(YOUR GOAL)
Go to the line below containing "Activities at Lachhiwala Nature Park" and print exactly from there through the line containing "Close-up of insect on yellow leaf", both included. Print nothing else.

++++ RECORDS PROVIDED ++++

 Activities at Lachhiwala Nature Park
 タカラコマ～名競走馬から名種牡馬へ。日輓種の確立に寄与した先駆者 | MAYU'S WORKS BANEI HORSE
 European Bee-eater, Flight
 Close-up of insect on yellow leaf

++++
++++ RECORDS PROVIDED ++++

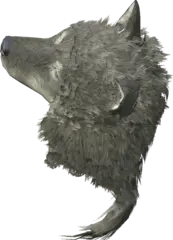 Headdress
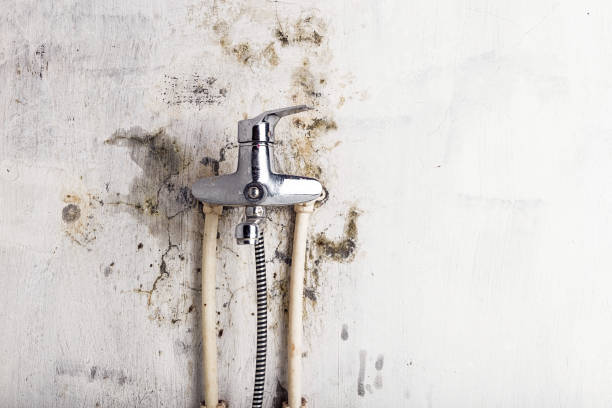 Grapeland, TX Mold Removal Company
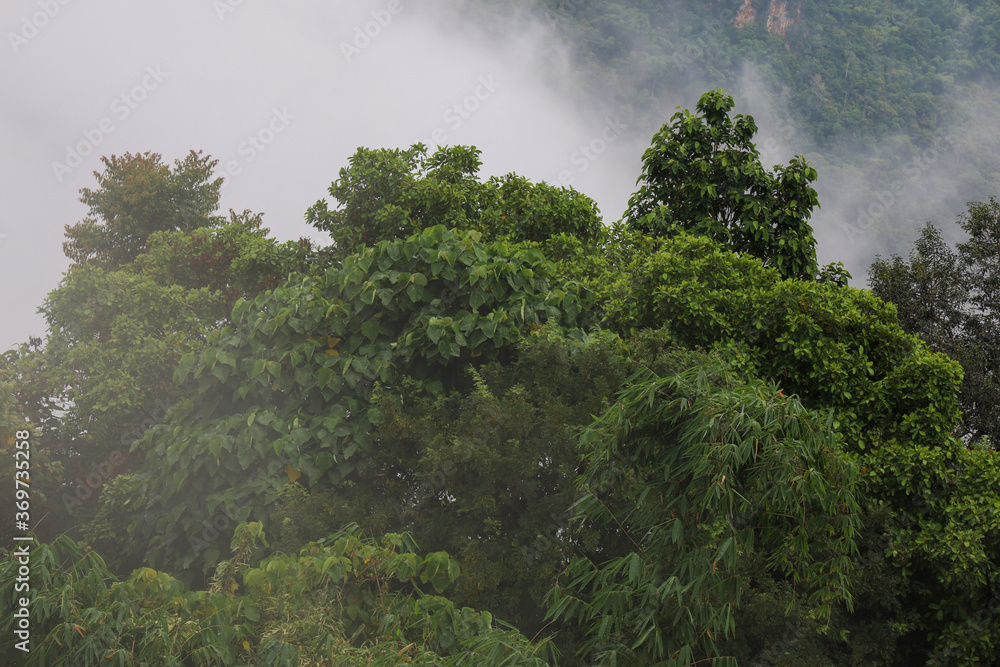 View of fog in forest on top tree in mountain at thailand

++++
++++ RECORDS PROVIDED ++++

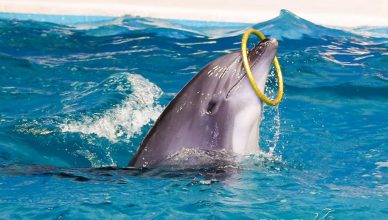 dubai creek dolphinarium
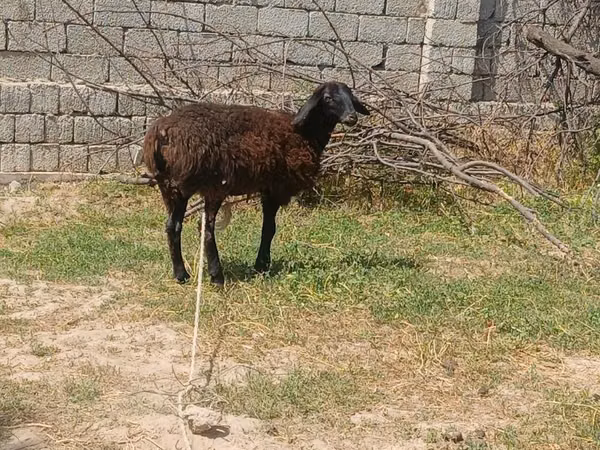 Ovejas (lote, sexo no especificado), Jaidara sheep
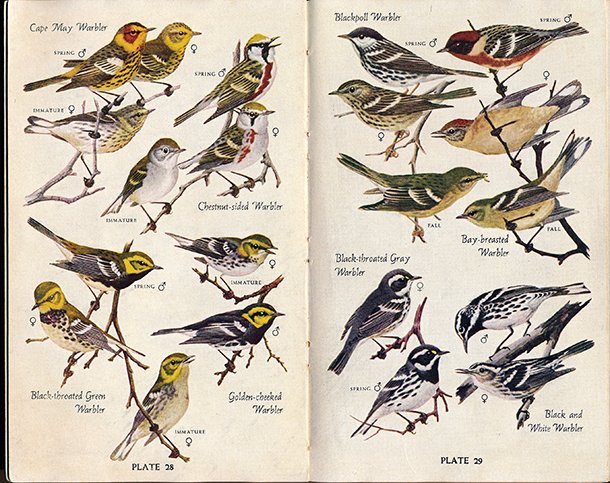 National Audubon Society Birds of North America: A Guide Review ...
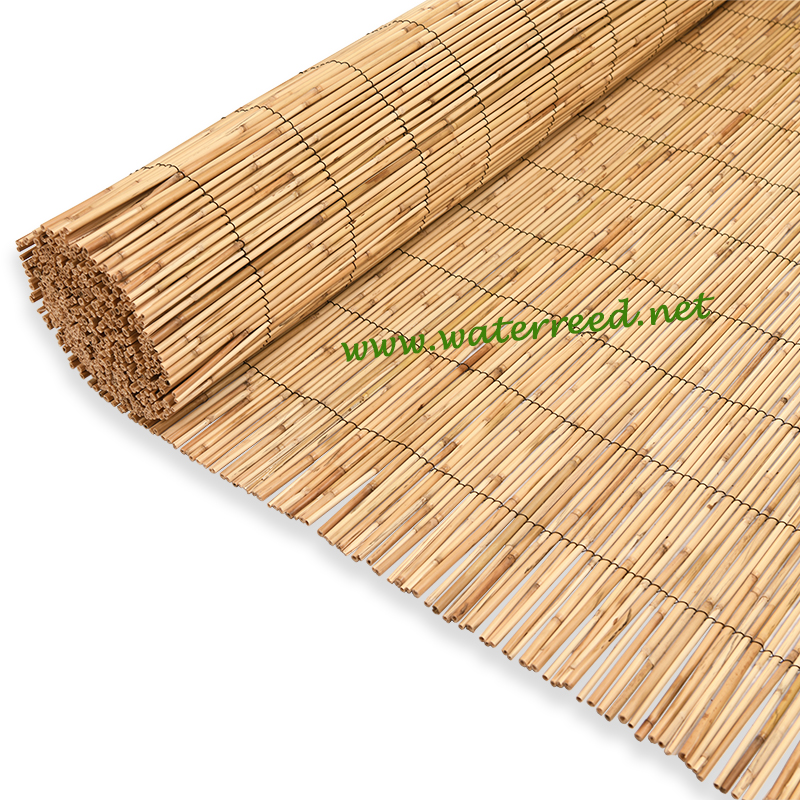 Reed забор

++++

(ANSWER BOX)
 Activities at Lachhiwala Nature Park
 タカラコマ～名競走馬から名種牡馬へ。日輓種の確立に寄与した先駆者 | MAYU'S WORKS BANEI HORSE
 European Bee-eater, Flight
 Close-up of insect on yellow leaf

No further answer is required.